CHARLESTON, SC (WCSC) - The Chief Justice of the state's highest court urged the Charleston School of Law's Class of 2016 to protect the rule of law and fight for judicial independence.
"The second stanza of America the Beautiful teaches: 'America, America, God mend thine every flaw, confirm thy soul in self-control, thy liberty in law,'" S.C. Supreme Court Chief Justice Costa Pleicones said at Sunday's commencement, according to a release from the school. "Only through faithful adherence to the law will our liberty be truly protected. Take it from one who is approaching the end of the line, the fight is worth it. You who are just beginning are the future of this profession and thus of this country. Be proud of what this institution has given you: education and the opportunity to serve. Now make it proud of you."
School officials said Pleicones also told graduates they should lead efforts to ensure the independence of America's courts, just as they fought to preserve the law school in recent years.
"That may mean the sacrifice of offering for public office," said Pleicones, who received an honorary degree during the commencement ceremony. "It may mean publicly supporting measures dedicated to preserving the independence of the judiciary, the branch most responsible for preserving liberty and order in our society. Whatever it is, you must be engaged."
Dean Andy Abrams called this year's graduates were heroes of the law school for persisting in the face of adversities.

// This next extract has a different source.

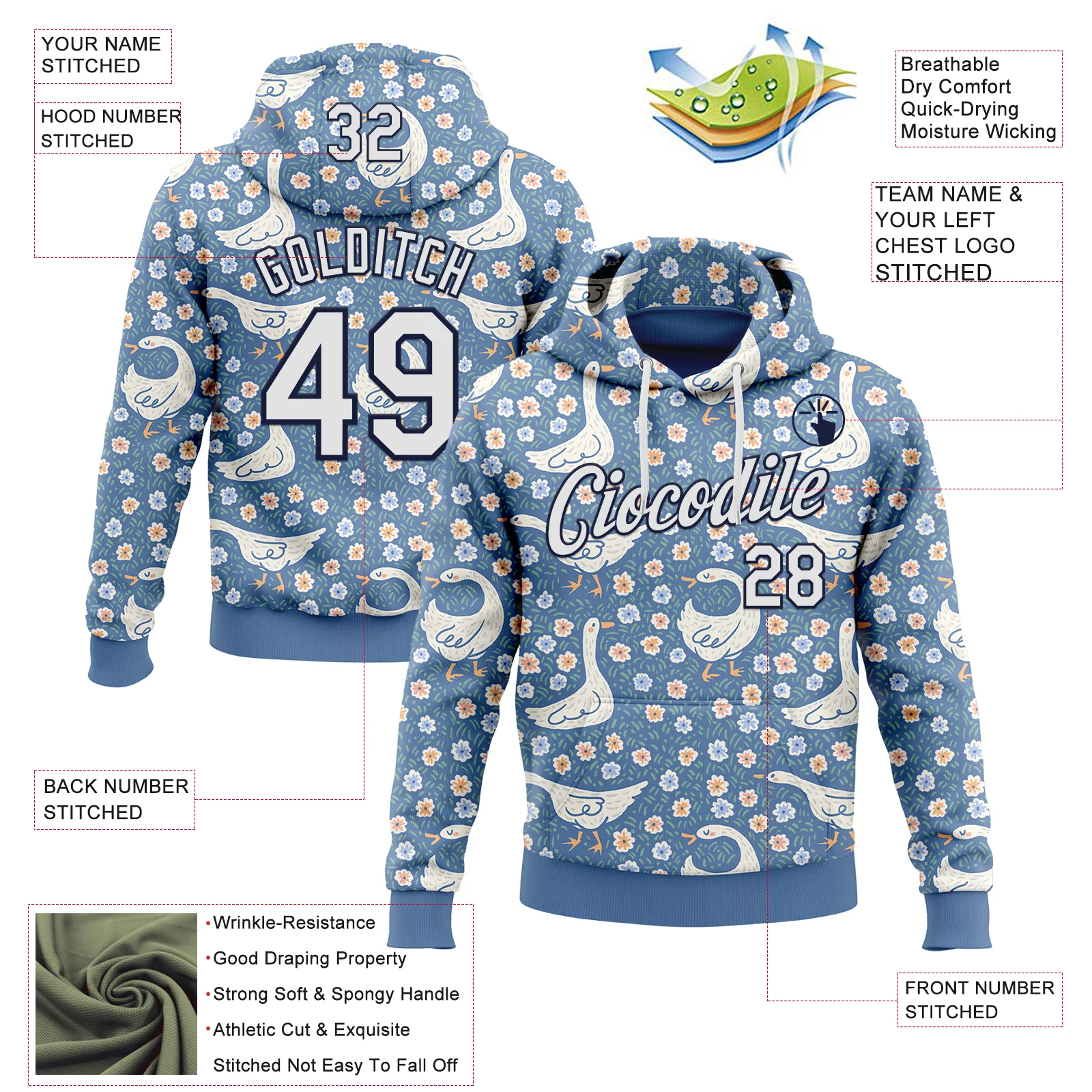 Custom Stitched Blue White-Navy 3D Emi Bee Meadow Goose Sports Pullover Sweatshirt Hoodie - Image 2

"This graduating class of 2016 has been truly inspirational with its grit and courage," he said in a statement. "Even in the face of great uncertainty, they persisted and persevered, and their unwavering dedication to their law school has ensured a bright and exciting future for the Charleston School of Law. They are the true heroes of this story."
The school was to have been sold, but the company that had put in a bid to purchase the school withdrew their application in the summer of 2014, citing the "fragile financial condition" of the school. In December of that year, the Charleston County Legislative Delegation voted unanimously to support making the school a nonprofit and blocking its sale.
Pleicones has served as a jurist since 1991 when the General Assembly elected him to be a state circuit court judge in Richland County. In 2000, legislators elected him to serve as an associate justice on the state's highest court.
He was elected chief justice in January.
School officials say Sunday's graduating class includes 40 from December 2015. Members of the class of 2016 have completed more than 11,000 hours of pro bono public service as of May 1, officials said.